第4話「まがいもん」

へたり込み、膝を抱える私。


一人で来てしまったこと。


興味本位で来るべきではないところへ来たこと。


バイクを点検するべきだったこと…。


電波の良い携帯電話にしとくべきだったこと。


色々と考えては自責の念が浮かぶ。



実際のところ、バイクも携帯電話も私が原因とは限らない。


怖い…。


周囲は暗くなり、闇が下りてくる。


気味悪い事に、集落から明かりが漏れる様子はない。


物音ひとつしない。


木々のざわめきだけ…



帰ろう…それでも兄とは電話をしたのだ。


兄は私を心配しているかもしれない。



私は気力を振り絞って立ち上がった。


顔を上げる。



それは目の前にいた。


薄汚れ、草の汁や泥が付き、色落ちした薄汚れた服。


穴が開き、股には異様なシミがある汚れたズボン。


灰色の肌をして血色の感じられない肌。


薄汚れた四角の紙袋。



私の方を向き、一人の紙袋が立っていた。


そして、手には木の棒を持っている。


紙袋は、ゆっくりと近づく。


「ごめんなさい!間違えて入ったの!」私は叫ぶ。

恐怖で腰が抜けそうだ。

ここで腰が抜けては、無事では済まないかもしれない。


近づく紙袋。


「ごめんなさい!許して!バイクが故障したの!」私は声を限りに叫ぶ。


しかし、近づく紙袋。


紙袋は、次第に足を速め、小走りになった。


たっ…たっ…たったと不揃いの足音を立て、不気味なフォームで不器用に走ってくる。


「ヴヴヴヴヴヴヴヴヴヴヴヴヴヴヴヴヴヴ!」

くぐもった奇声が、紙袋から響いた。


私は絶叫した。


紙袋は私の肩を掴んだ。


とっさに私は、はらいのけようとした。


私の手は、そのおぞましい紙袋を破り去った。


男の顔があらわになり、私は戦慄した。



男の顔は、奇妙だった。


何故なら、本来目が位置する場所に、大きく穴が開いており、ヤツメウナギを思わせる丸い口を形成していた。

らせん状にとがった牙が生えている。


そして、鼻は鼻筋がなく、二つの鼻腔だけが開いていた。


目は通常口がある位置にあり、よどんで…しかし怯え切った目が見開かれていた。


私は悲鳴をあげた。





「まがいもん」






老婆が意味する言葉はこのことだったのだろうか。



だから、彼らは、自ら集落に入り込み、外界を拒絶し…自らを「ほんもん」と看板に記したのだろうか。

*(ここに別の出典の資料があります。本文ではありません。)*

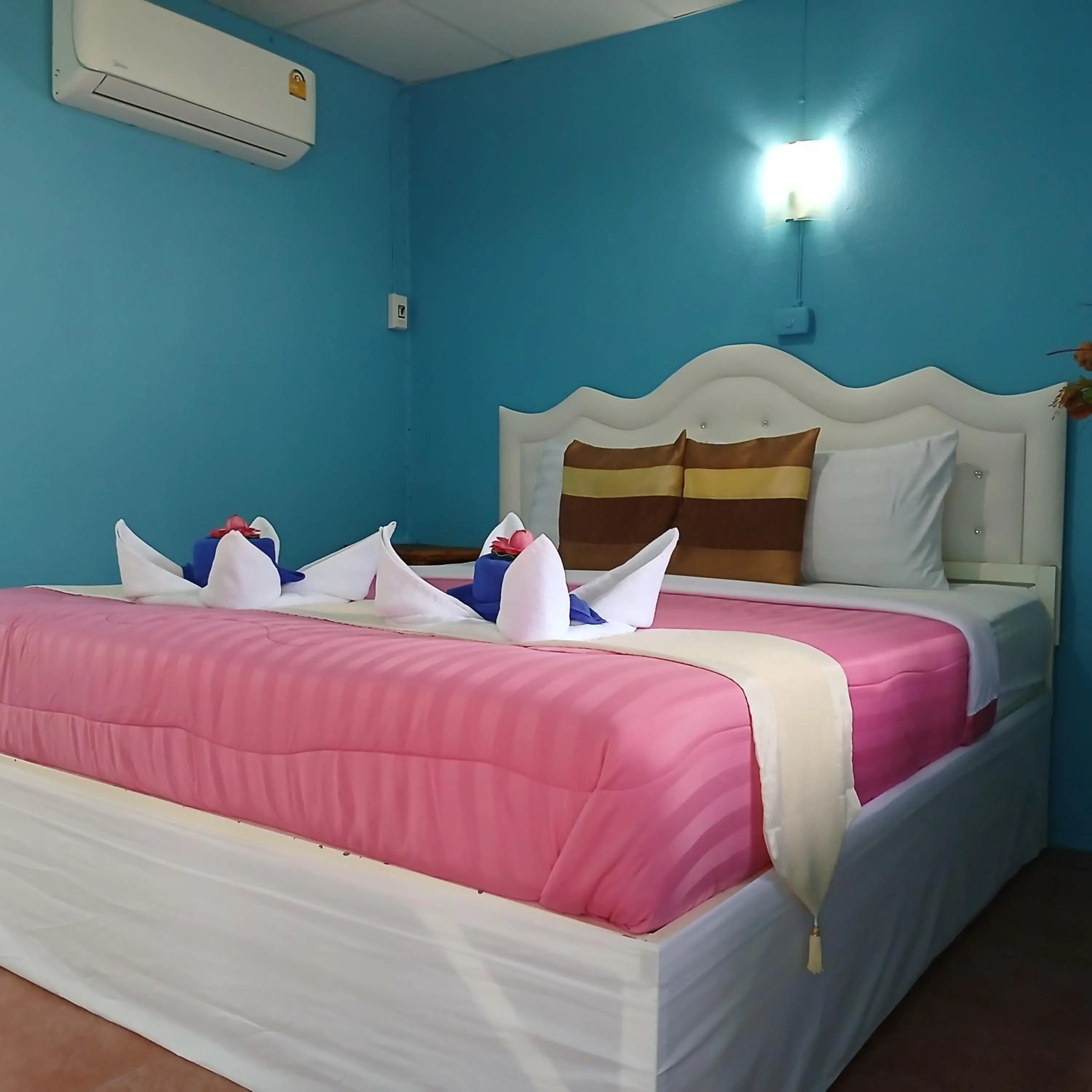 Bed in Thai Garden​ Resort​ Kanchanaburi​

「ヴヴヴうヴぁあああああああ!」男がヤツメウナギの口からおぞましい悲鳴をあげる。


そして、男は私を掴んだ手を離し、直ぐに両手で顔を隠した。



私は叫び声を上げながら、男の横を通り過ぎ、走り去った。




私は真っ暗な森を、ただ月明りを頼りにがむしゃらに走った。

しばらく、男が叫ぶおぞましい声が聞こえていた。


もし止まればひどい目に遭う。


何が何でも私は平和な朝を迎えたい。


神様…私を助けてください…


そう願いながら、何時間だろう。


永遠に思われる長い時間を走った。


男の声はいつしか聞こえなくなっていた。


そして、疲労も限界に達した時、何かに躓いてこけた。


頭をしたたかに打ち、気を失ってしまったのだった。